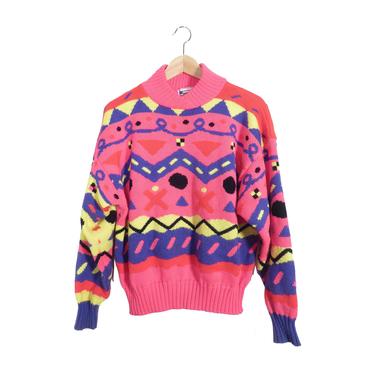 Vintage 80s Neon Wool Ski Sweater Size M 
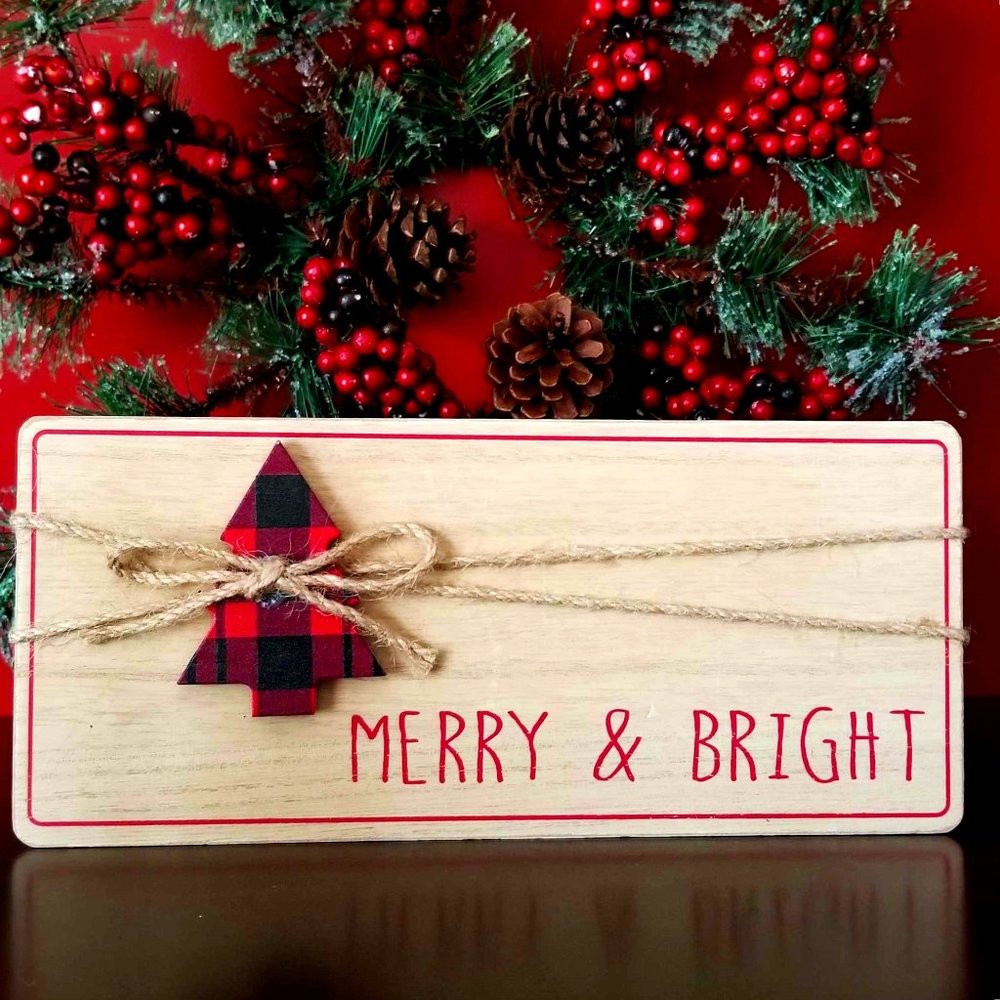 Wooden Block Sign, Christmas Holiday, Home Décor. "Merry & Bright".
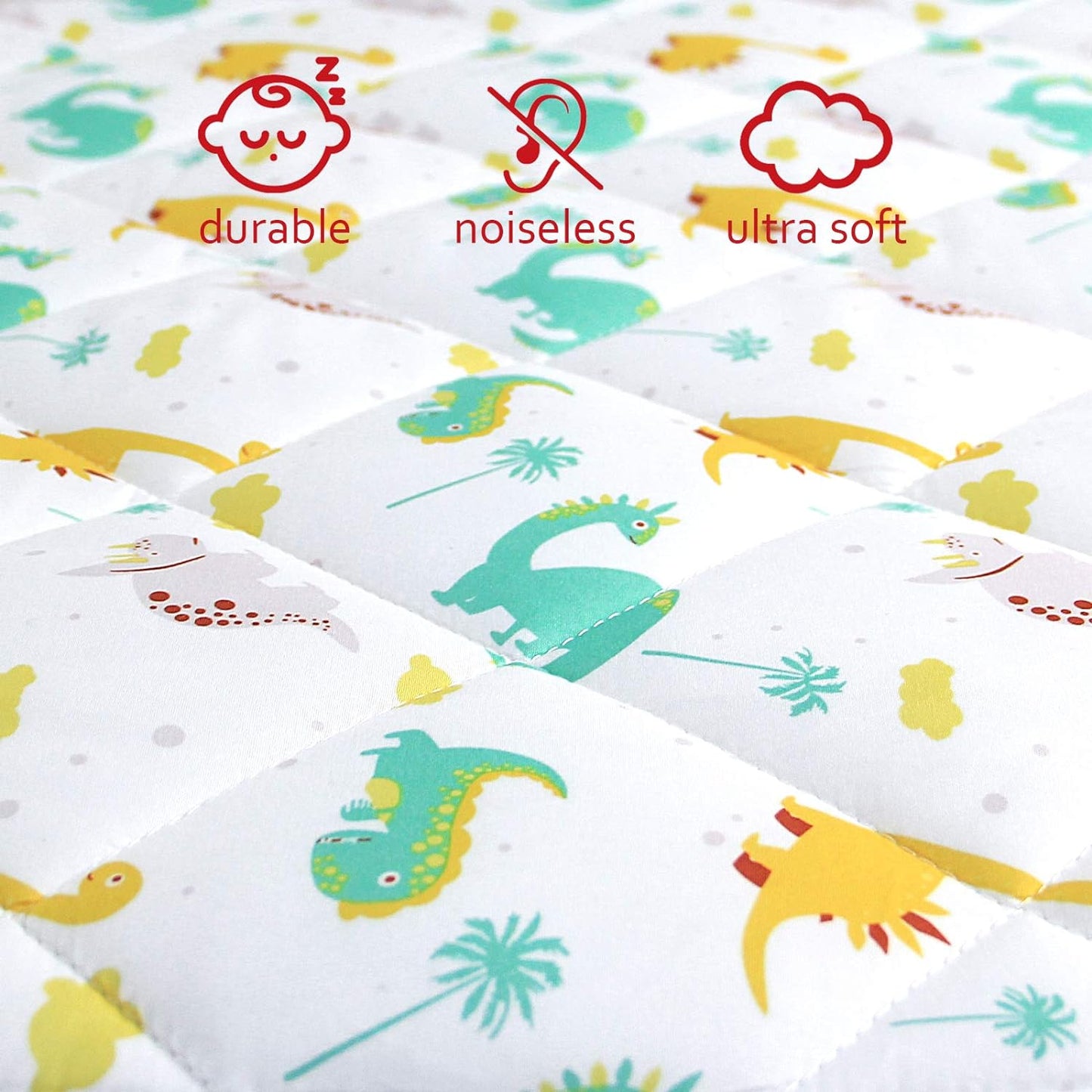 Pack n Play Sheet Quilted | Mini Crib Sheet - Pack and Play Mattress Pad Cover, Ultra-Soft Microfiber, Fits Graco Pack and Play, Dinosaur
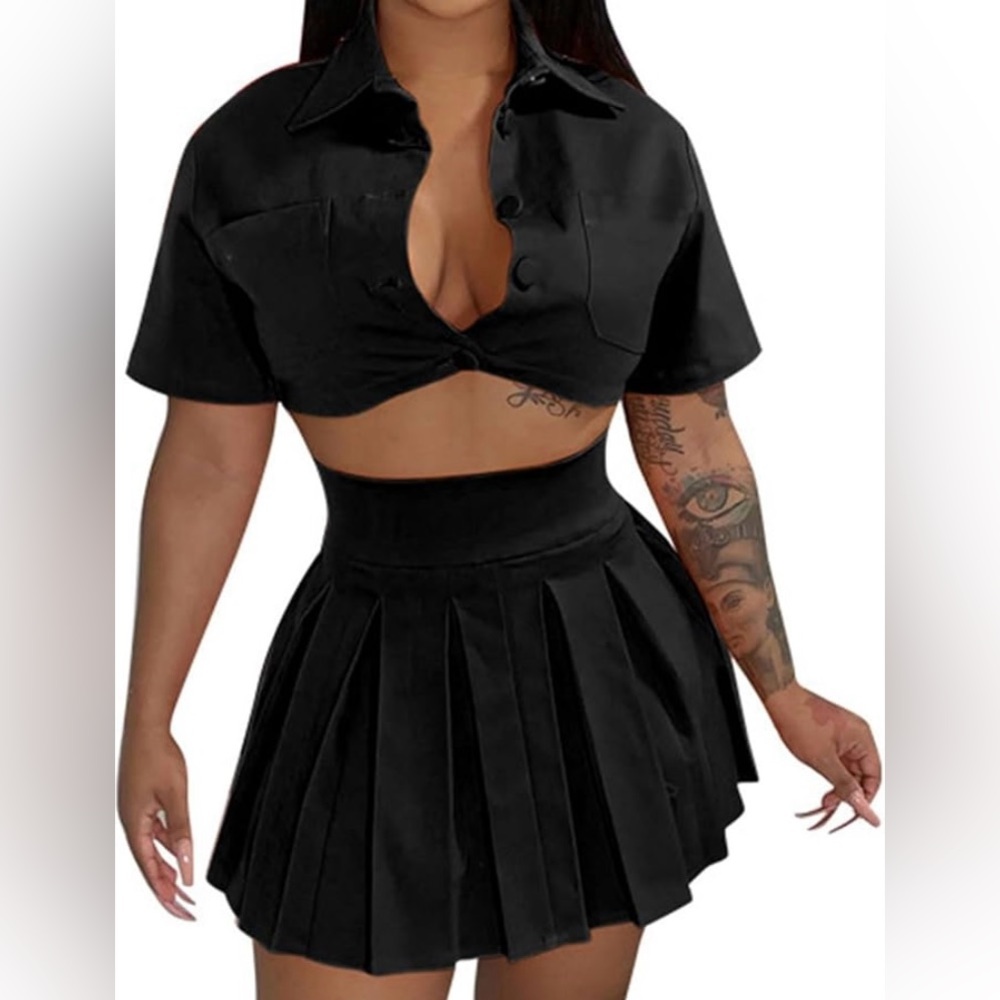 Black 2 Piece Skirt Set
.....
YOUR GOAL => None of the pictures should be reproduced; all other material above must be set down exactly.

RESULT FOR THIS TASK =>
 Vintage 80s Neon Wool Ski Sweater Size M 
 Wooden Block Sign, Christmas Holiday, Home Décor. "Merry & Bright".
 Pack n Play Sheet Quilted | Mini Crib Sheet - Pack and Play Mattress Pad Cover, Ultra-Soft Microfiber, Fits Graco Pack and Play, Dinosaur
 Black 2 Piece Skirt Set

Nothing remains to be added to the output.